Cadman Towers Is First Mitchell-Lama Co-op to Convert to an HDFC

Brooklyn Heights, Brooklyn

Cadman Towers has become the first co-op in the city to convert from a Mitchell-Lama to HDFC.

July 2, 2024 — Historic deal preserves affordability under a 99-year regulatory agreement.

It's official. Under a strategy known as Article 2 to Article 11, the 421-unit Cadman Towers co-op in Brooklyn Heights has become the first in New York City to exit the affordable Mitchell-Lama program and convert to a Housing Development Fund Corporation (HDFC) co-op.

The complex and controversial deal is designed to keep the co-op both affordable and financially solvent through a 99-year regulatory agreement with the city. Under that agreement, existing shareholders who sell their apartments will do so at prices pegged as affordable to households earning 80% of the area median income, equivalent to about $100,000 in income for a family of two. Exiting shareholders will be required to give 50% of their profits back to Cadman Towers to cover building needs and to pay down existing debt. The transfer fee on subsequent sales of the unit will be 3%. Based on current turnover rates, the fees are expected to generate $1 million a year for the co-op, whose 50-year-old buildings require major maintenance work. 

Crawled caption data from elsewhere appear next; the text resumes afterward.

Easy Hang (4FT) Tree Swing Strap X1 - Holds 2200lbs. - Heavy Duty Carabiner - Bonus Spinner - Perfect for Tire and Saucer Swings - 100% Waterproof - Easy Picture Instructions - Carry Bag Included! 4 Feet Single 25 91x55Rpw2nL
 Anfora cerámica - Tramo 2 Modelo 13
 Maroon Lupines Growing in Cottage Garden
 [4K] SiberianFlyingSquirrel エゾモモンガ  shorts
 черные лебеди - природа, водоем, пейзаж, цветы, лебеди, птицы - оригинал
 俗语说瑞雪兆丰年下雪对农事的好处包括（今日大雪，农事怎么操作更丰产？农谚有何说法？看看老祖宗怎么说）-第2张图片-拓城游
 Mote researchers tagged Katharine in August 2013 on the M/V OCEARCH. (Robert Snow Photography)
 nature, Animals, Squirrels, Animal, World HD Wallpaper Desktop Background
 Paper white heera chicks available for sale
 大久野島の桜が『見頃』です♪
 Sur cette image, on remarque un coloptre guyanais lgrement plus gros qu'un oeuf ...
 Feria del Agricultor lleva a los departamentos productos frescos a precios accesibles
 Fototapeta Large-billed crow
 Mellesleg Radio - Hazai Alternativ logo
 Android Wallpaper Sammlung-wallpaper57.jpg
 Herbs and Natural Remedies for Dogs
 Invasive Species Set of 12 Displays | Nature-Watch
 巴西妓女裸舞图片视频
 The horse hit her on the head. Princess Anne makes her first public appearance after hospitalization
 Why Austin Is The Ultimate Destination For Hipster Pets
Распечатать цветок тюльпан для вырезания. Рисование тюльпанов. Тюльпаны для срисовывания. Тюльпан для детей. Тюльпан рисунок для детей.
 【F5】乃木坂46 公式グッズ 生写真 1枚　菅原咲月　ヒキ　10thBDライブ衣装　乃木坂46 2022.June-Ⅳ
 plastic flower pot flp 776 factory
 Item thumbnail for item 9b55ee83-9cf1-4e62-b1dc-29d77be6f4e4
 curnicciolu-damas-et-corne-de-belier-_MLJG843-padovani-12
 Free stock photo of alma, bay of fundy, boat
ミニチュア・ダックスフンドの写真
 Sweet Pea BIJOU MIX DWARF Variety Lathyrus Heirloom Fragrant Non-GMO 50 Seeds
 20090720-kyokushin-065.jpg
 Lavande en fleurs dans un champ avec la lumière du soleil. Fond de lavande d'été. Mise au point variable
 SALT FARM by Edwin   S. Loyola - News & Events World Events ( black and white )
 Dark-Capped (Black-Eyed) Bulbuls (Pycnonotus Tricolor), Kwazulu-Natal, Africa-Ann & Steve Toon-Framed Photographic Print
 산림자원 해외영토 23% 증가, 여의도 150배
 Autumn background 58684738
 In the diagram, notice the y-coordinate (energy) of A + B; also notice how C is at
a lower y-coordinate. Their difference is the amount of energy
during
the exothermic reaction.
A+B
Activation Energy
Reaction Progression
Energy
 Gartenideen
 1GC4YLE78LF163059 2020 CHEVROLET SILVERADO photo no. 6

"Cadman Towers has a lot of capital needs," says Erica Buckley, a partner at the law firm Nixon Peabody who helped develop the Article 2 to Article 11 program when she was working in the state attorney general's office in 2013. "Article 2 to Article 11 helps meet the needs of an aging property while ensuring that it will continue to be permanently affordable." Buckley worked on the conversion deal at Cadman Towers, though the co-op is represented by the law firm Norris McLaughlin.

(The hybrid moniker "Article 2 to Article 11" comes from the fact that Mitchell-Lama co-ops are governed by Article 2 of the Private Housing Finance Law, while HDFC co-ops are governed by Article 11 of the same law.)

In August 2023, after the board convened numerous informational meetings, 77% of the shareholders at Cadman Towers voted in favor of exiting the Mitchell-Lama program in favor of HDFC.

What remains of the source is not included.